Scenario: From Technical Triage to Strategic Attribution
- The Workflow: An analyst starts with a deep dive triage of a file hash, asking the agent to identify the malware family, extract the campaign configuration, and explain the observed UAC bypass technique. After the agent identifies it as Qakbot, the analyst pivots to the strategic context, requesting the threat actor responsible for campaign spx103 and their typical victimology. Finally, they ask for a list of high-confidence indicators (domains, hashes) associated with that specific campaign build and a MITRE ATT&CK visualization to help scope the environment.
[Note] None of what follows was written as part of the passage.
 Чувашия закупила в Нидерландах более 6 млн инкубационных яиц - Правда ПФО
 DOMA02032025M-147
5. Automate Your Work By Making Your Prompts Reusable
Once you've crafted a prompt that works for your workflow, you can save it to your library. To make it more versatile, you can use variable syntax (${{variable_name}}). This turns your prompt into a reusable tool that you or your team can run repeatedly with different inputs.
Scenario: Standardized Purple Team Hunt Guide
- The Workflow: An analyst clicks "Create prompt" in the library and titles it "Purple Team Hunt Guide." They paste a template prompt and highlight specific text to create dynamic variables for ${{THREAT_ACTOR}} and ${{TIMEFRAME}}. After saving, they select the new prompt, input APT28 and 18 months, and run it—demonstrating how to instantly turn a custom methodology into a reusable tool.
Conclusion
The integration of agentic workflows into the CTI lifecycle marks an evolution from static intelligence repositories to active, execution-oriented research. By shifting the burden of data synthesis and initial artifact triage to specialized agents, analysts can move beyond the "cognitive limit" of manual research.
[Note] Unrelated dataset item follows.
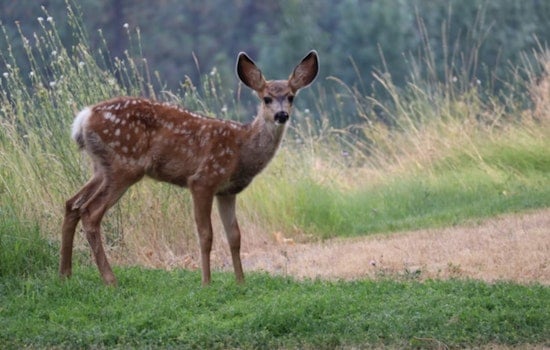 Tennessee Muzzleloader and Archery Deer Season to Open on November 8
The tactical value of Agentic Threat Intelligence is found in its precision: the ability to generate deterministic VTI queries, deobfuscate malicious code, and extract C2 configurations from binary samples without manual reverse engineering.
As adversary tactics continue to scale through automation, defensive workflows must follow. Operationalizing these agents allows security teams to maintain high-fidelity situational awareness, ensuring that intelligence is not merely consumed as a report, but executed as a defense.